D’abord, il ne faut pas accepter de prendre une place (même et surtout à 75€) dans un théâtre à l’italienne pour se retrouver au parterre sous le balcon, obligé de tortiller du cou pour entrevoir l’ensemble des décors de ces 20 tableaux, décors somptueux au demeurant, comme au bon vieux temps des années 60s quand on m’emmenait voir des opérettes. 🙂
Ensuite il ne faut pas assister à l’avant dernière d’une spectacle qui demande autant d’énergie de la part des chanteurs, danseurs et autres interprètes.
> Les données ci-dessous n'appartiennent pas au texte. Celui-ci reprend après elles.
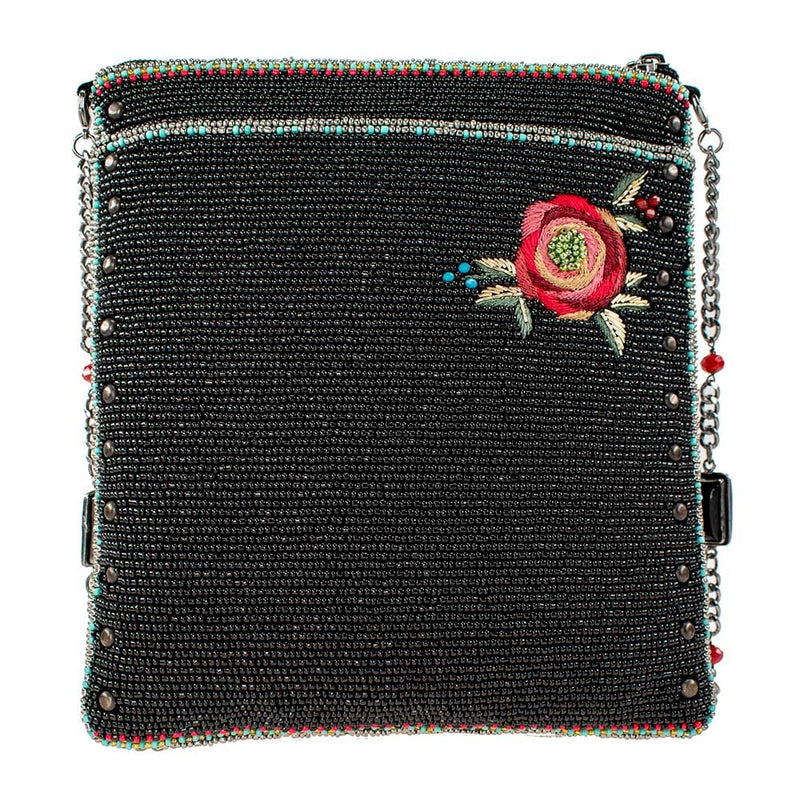 Full Stride Mini Crossbody Handbag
En fin de parcours, l’athlète est fatigué, alors on remplace le ténor Ismaèl Jordi par un autre ténor qui chante bien, certes, mais qui manque cruellement du coffre qui fit le succês d’un Luis Mariano.
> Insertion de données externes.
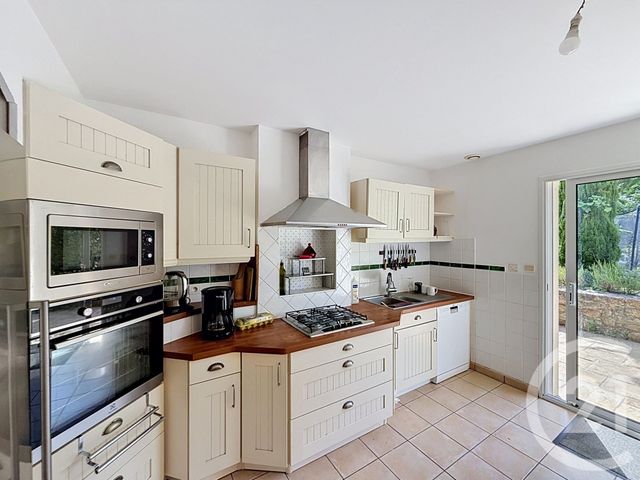 Maison &agrave; vendre - 7 pi&egrave;ces - 171,52 m2 - Lannion - 22 - BRETAGNE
On change aussi l’orchestre, on remplace l’orchestre Philharmonique de Radio France par l’Orchestre National d’Ile de France (mais on l’aime bien, cela nous permet d’entrevoir notre charmante violoniste Julie Oddou).
Heureusement, le « Maestro Fayçal » (Fayçal Karoui) est toujours là pour mener tout ce beau monde à la baguette (encore qu’ il boite pour rejoindre la troupe sur scène en fin de rideau, mais ça, c’est à mettre au compte de la moto nous dira t-il ensuite).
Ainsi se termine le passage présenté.